We refuse to cede the narrative: Rape Culture and Social Media
Some of you are going to read this and snort. Some of you are going to read this and fist-pump. Some of you are going to read this and think, “I… never knew what that meant.”
I’m putting a large TRIGGER WARNING FOR DISCUSSION OF RAPE, RAPE CULTURE, SUICIDAL IDEATION, and TRAUMA here, because I don’t know what may trigger people and I’m not easily triggered.
Eight and a half years ago, I was midway through one of the worst years of my life. The year I could not speak, outside of minimal functioning to do my job (so I wouldn’t lose my home, be unable to feed myself and my mom, end up institutionalized, or dead. Dead was a very real possibility.)
Eight and a half years ago, I didn’t have access to the internet on a regular basis. I had a library with internet access and that was it. When I first started using social media, it was 2005. I had moved on to the loudly shouting from rooftops and refusing to be silenced stage of my trauma recovery. I was a slam poet, and everybody was on Myspace. Then I joined facebook. Then came twitter and tumblr, and…
It’s 2012, and we have politicians insisting on debating the definition of, “Real,” or, “Legitimate,” rape. In public. Unapologetically. These are the same people who refuse to pass an International Violence Against Women Act, btw. It is rape culture writ large. On social media sites, we refuse to cede the narrative to them.
We blog. We connect. We hold each other up and shout and scream and we are not going away. Yes, it’s mostly women. I want men to feel safe joining us because the social stigma associated with being a male rape survivor regardless of whether the perp was male or female, is even more intense. Rape culture is designed as an escape clause for men, but it protects female perps even more insidiously.

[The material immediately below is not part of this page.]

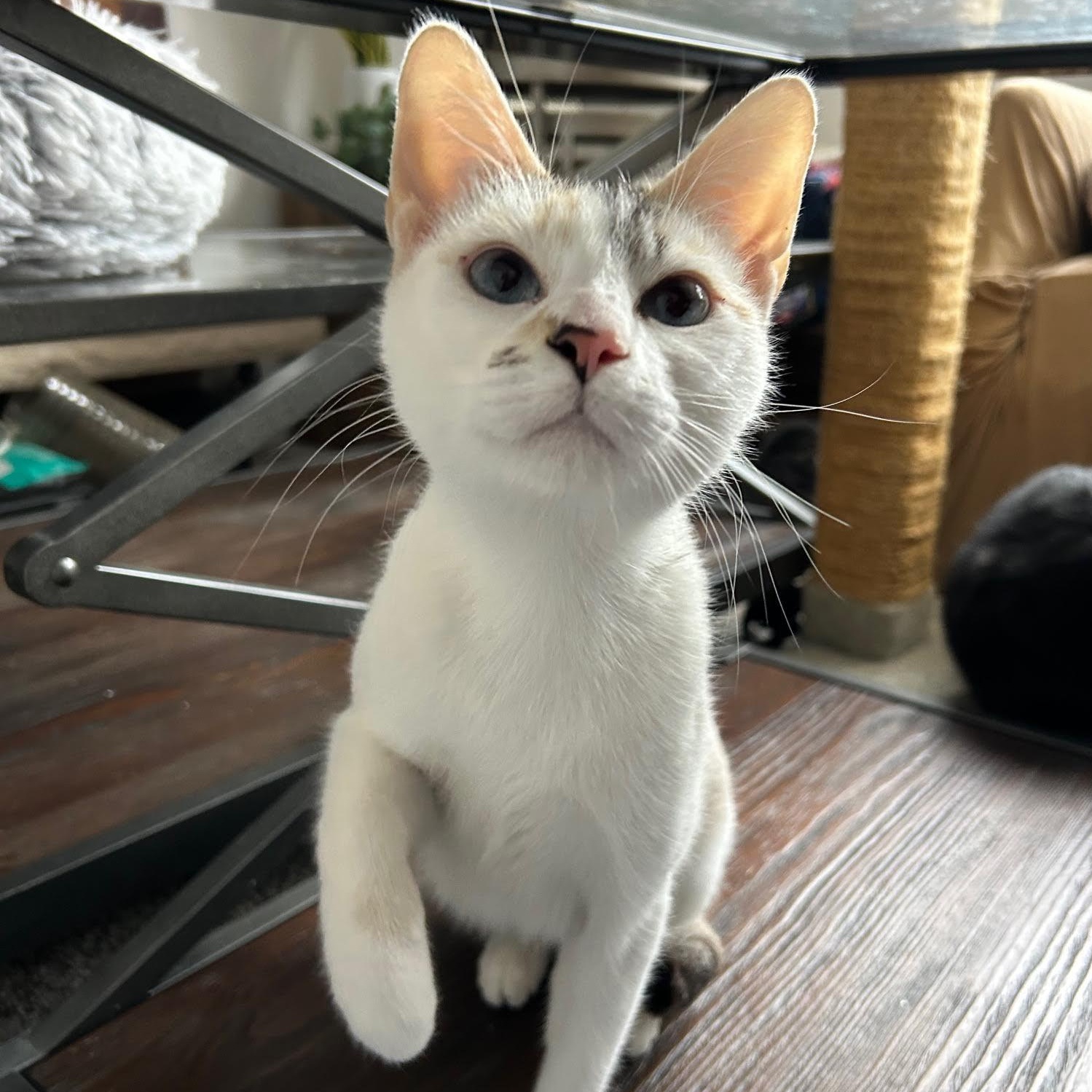 Enlarge Mila & Lucy (Bonded Pair), a Adoptable Domestic Short Hair in Plymouth, MN image 4/6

While the standard line is, “She was asking for it,” if you’re a female, cis/het survivor, for a male survivor, it’s “You couldn’t fight them off?” There are ALL kinds of jokes that will be made if you’re a male survivor and the perp was male but it’s worse if the perp was female. The implication that you should be overjoyed at getting enthusiastic pussy is not subtle. (I’ve spoken to male survivors, and if you need evidence: google news reports on every female teacher arrested for statutory rape in the last ten years. Be prepared to be sick.)
We don’t talk about these things in mainstream media. We don’t pick the threads apart in order to stitch ourselves back up, we just darn over the tear in our cultural narrative. It is a narrative that is specifically designed to protect men, upstanding white men, who happen to be rapists. Predator Theory, is an excellent explanation of two very important studies on rape. Go read it.

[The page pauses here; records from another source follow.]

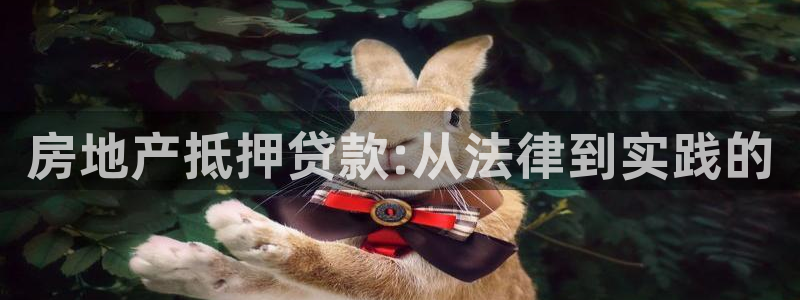 风暴娱乐5O6917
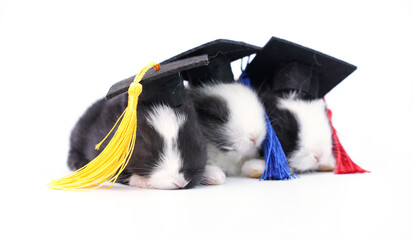 Little cute rabbits with graduation cap as finish school or university. Young kid bunny sits together as celebrate school black hat on white background.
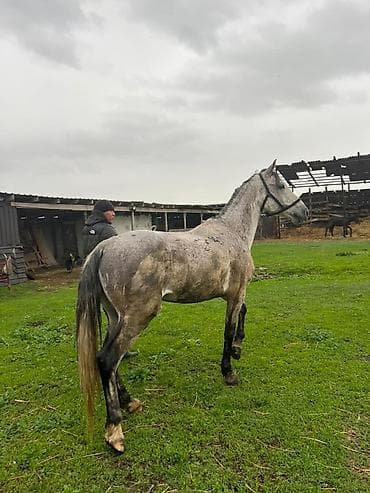 фазан птица: Продаю | Жеребец | Рабочий — 3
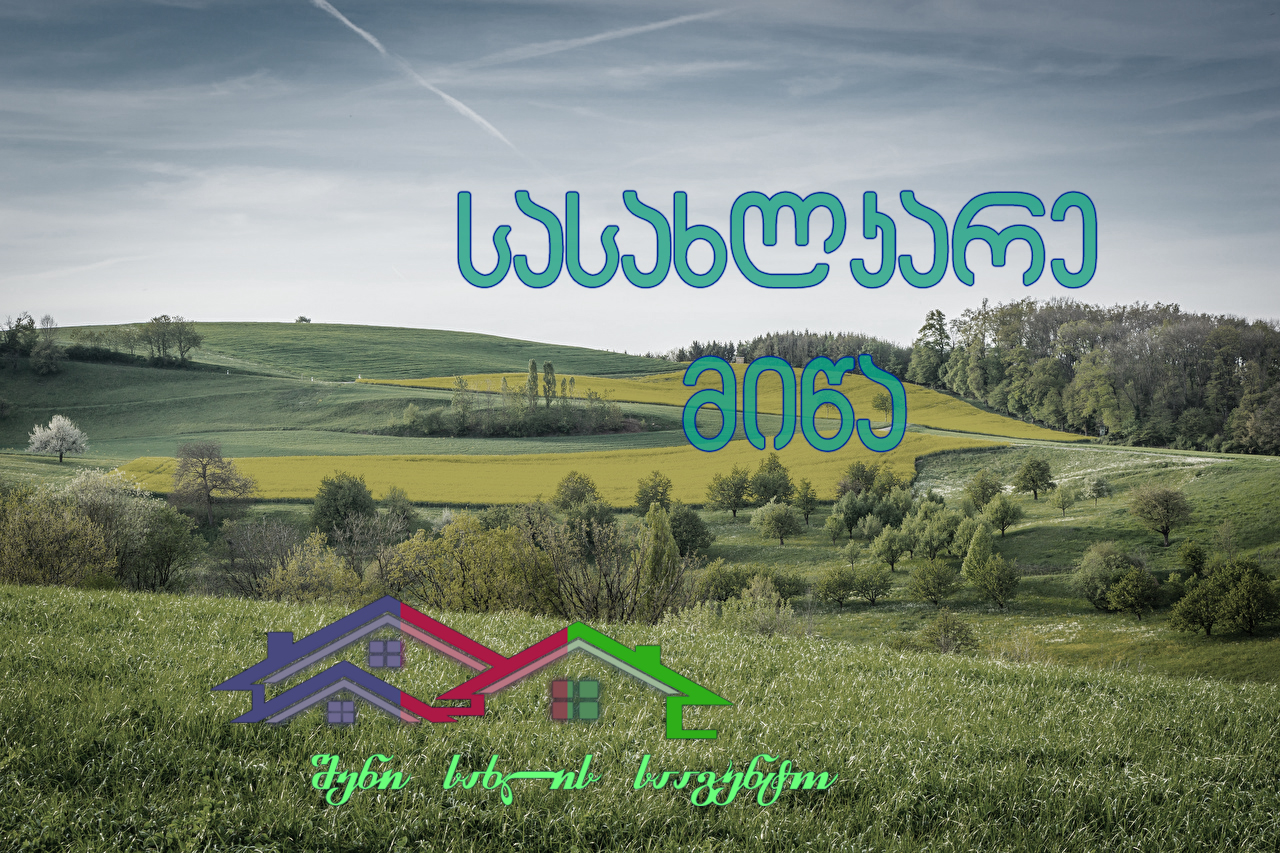 შენი სახლი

In social media, we are getting louder as we refuse to cede the narrative. Why? Because we know that we have our own truths, and we are not the only ones. The more of us there are, the more of us that are shouting about our rights to our own bodies, our agency, our rights to be both sexual and safe, and the fact that in our society we are not granted the rights to be either makes it a lot harder to ignore us.
We’re coming out of that bleak, dark closet that the culture would like to keep us in. We’re naming names and violating gag orders , we are Slutwalks and we are finally finding ways to break through the insulation surrounding well-intentioned and enlightened men by asking THE QUESTION, because as we are more aware and less tolerant of the creepers among us the more we have to find ways to stand up and break the uneasy truce society has with us.
You don’t want to hear it. We get that. It is upsetting. It is disturbing. It says that men you know, or who are like men you know, are rapists. It says that you could just as easily be a victim of sexual violence, even if you follow all the rules you’ve been fed since birth.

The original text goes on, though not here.